> **TASK ITEM**:
Could you restate word for word every line from the one containing "Coloring book.Spring or" to the end of the data below, pictures excluded?

> **THE RECORDS**:
==============================
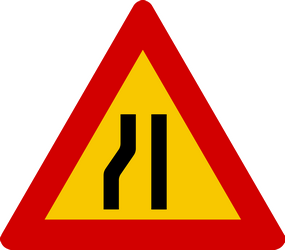 Road narrows on the left - Road Sign
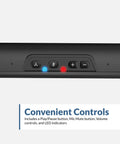 Close-up of USB And Bluetooth Speaker Bar For PC With Monitor Clamp And Speakerphone 5W Power USB Powered Desk Sound Bar controls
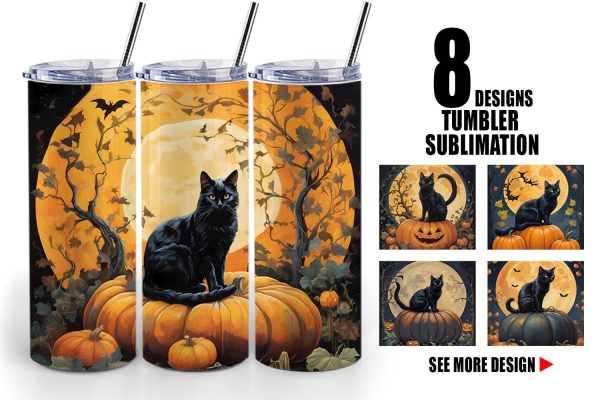 Tumbler Wrap Black Cat and Pumpkin For Sale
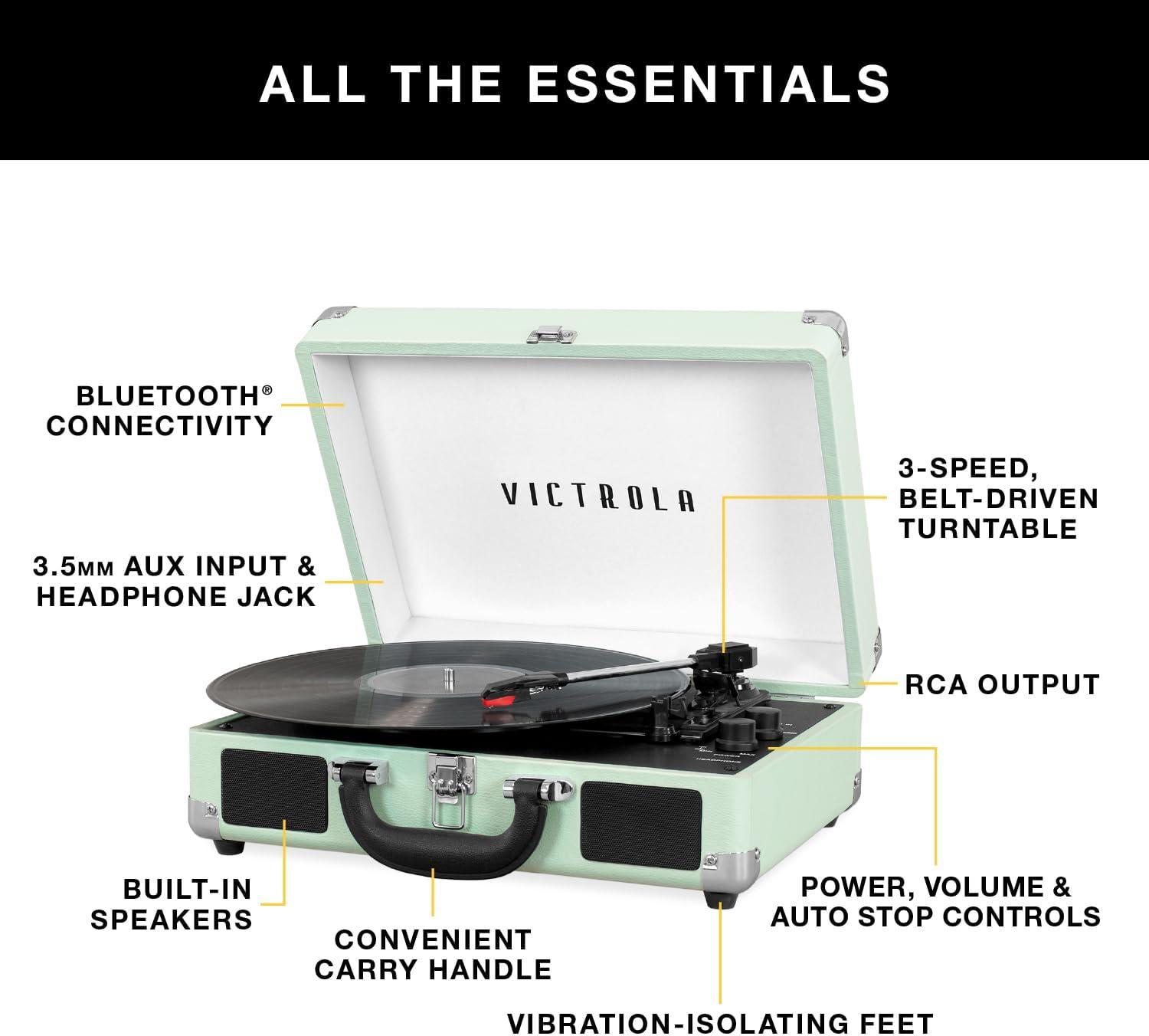 Victrola Journey 3-Speed Bluetooth Suitcase Record Player - Mint: Belt Drive Turntable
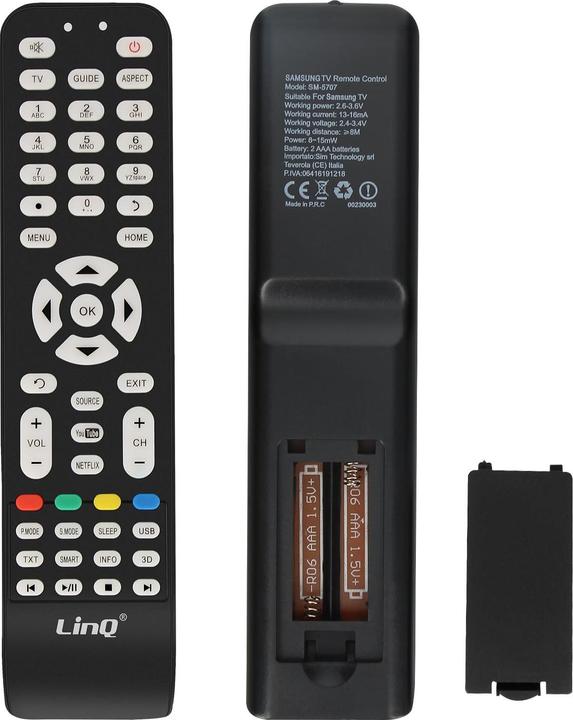 Actual product image LinQ SM-5707 Remote control (Universal remote control, Infrared)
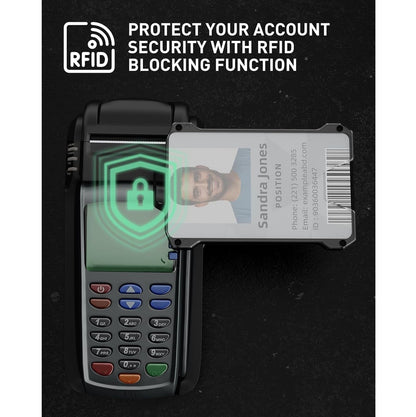 Billetera Inteligente RFID Aluminio 12 Tarjetas Transparente Compacta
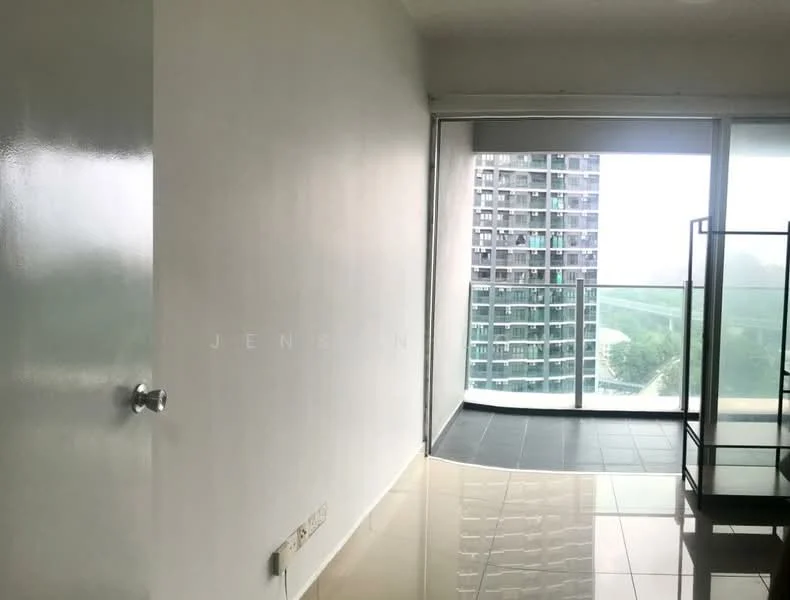 Room features: white painted walls, glossy tile flooring, floor-to-ceiling windows, sliding glass door, balcony view, open layout, natural light, minimalist decor; style: modern; view: city.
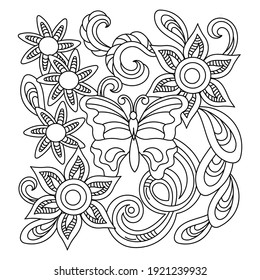 Coloring book.Spring or summer hand-drawn doodle background . Flowers and butterflies.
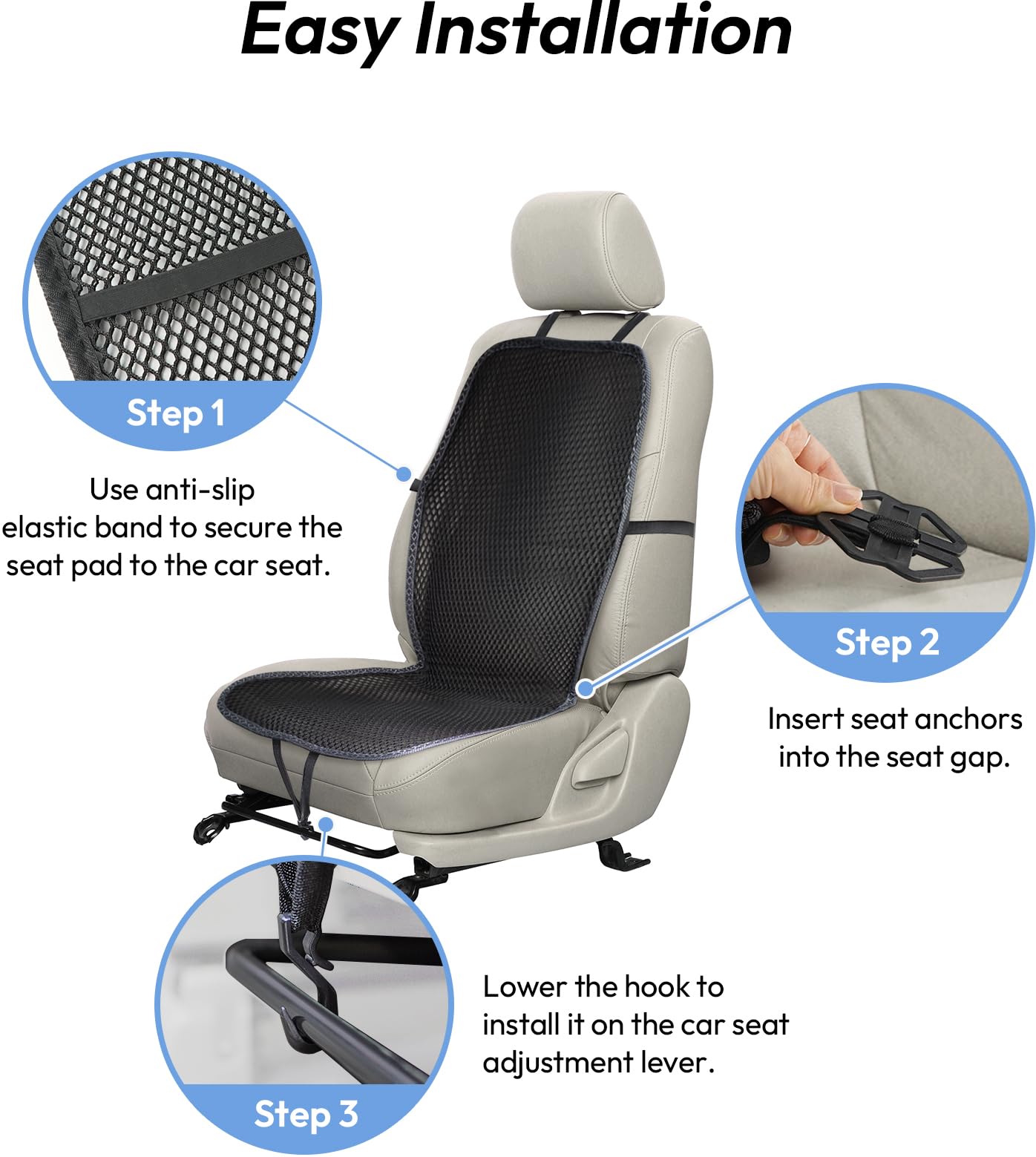 carrotez 3D Air Mesh Car Seat Cushion Pad - 41" x 15", Black, Breathable, Comfortable for Cars and Office Chairs
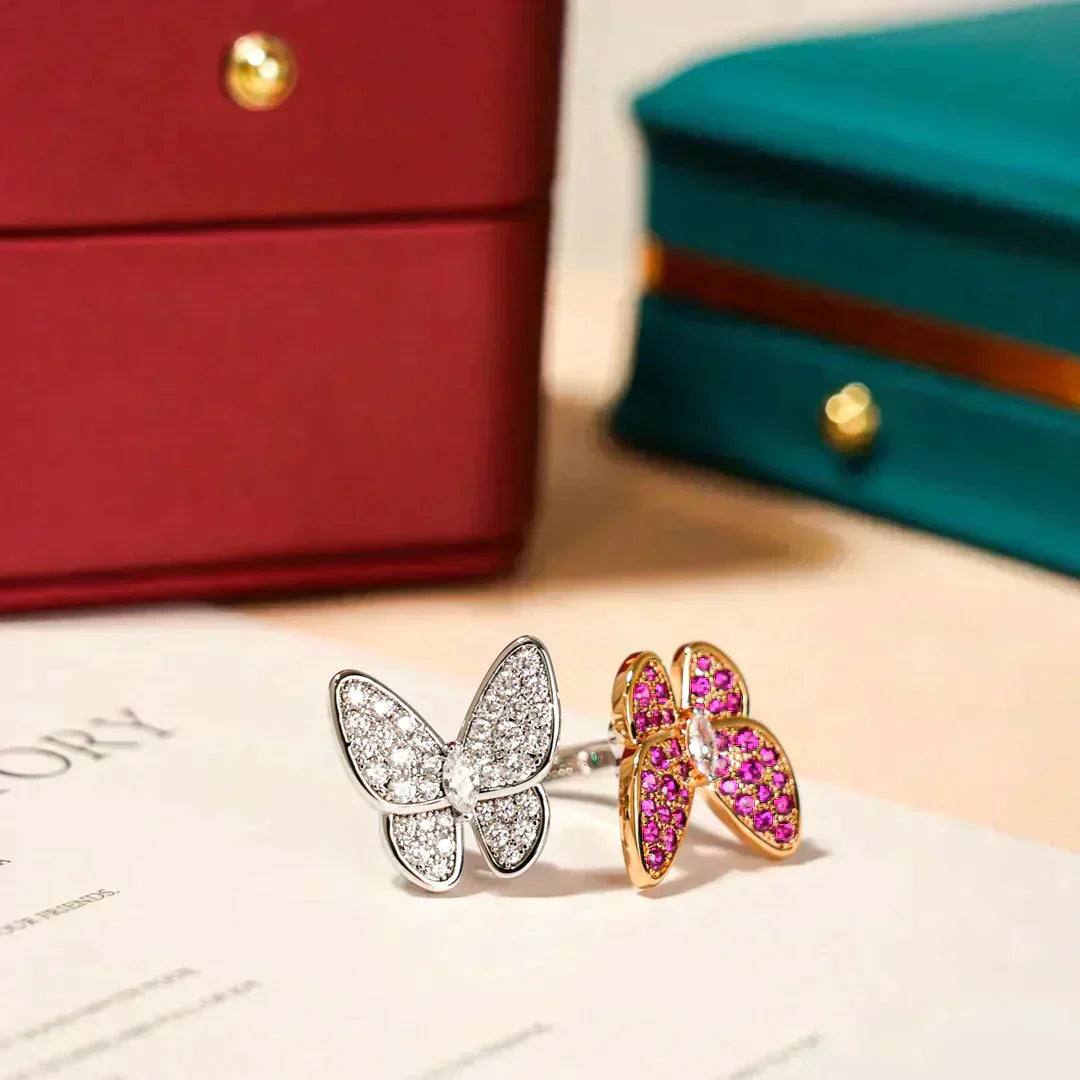[Lora-Jewelry]TWIN BUTTERFLY DIAMOND RING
==============================
> **EXPECTED ANSWER**:
 Coloring book.Spring or summer hand-drawn doodle background . Flowers and butterflies.
 carrotez 3D Air Mesh Car Seat Cushion Pad - 41" x 15", Black, Breathable, Comfortable for Cars and Office Chairs
[Lora-Jewelry]TWIN BUTTERFLY DIAMOND RING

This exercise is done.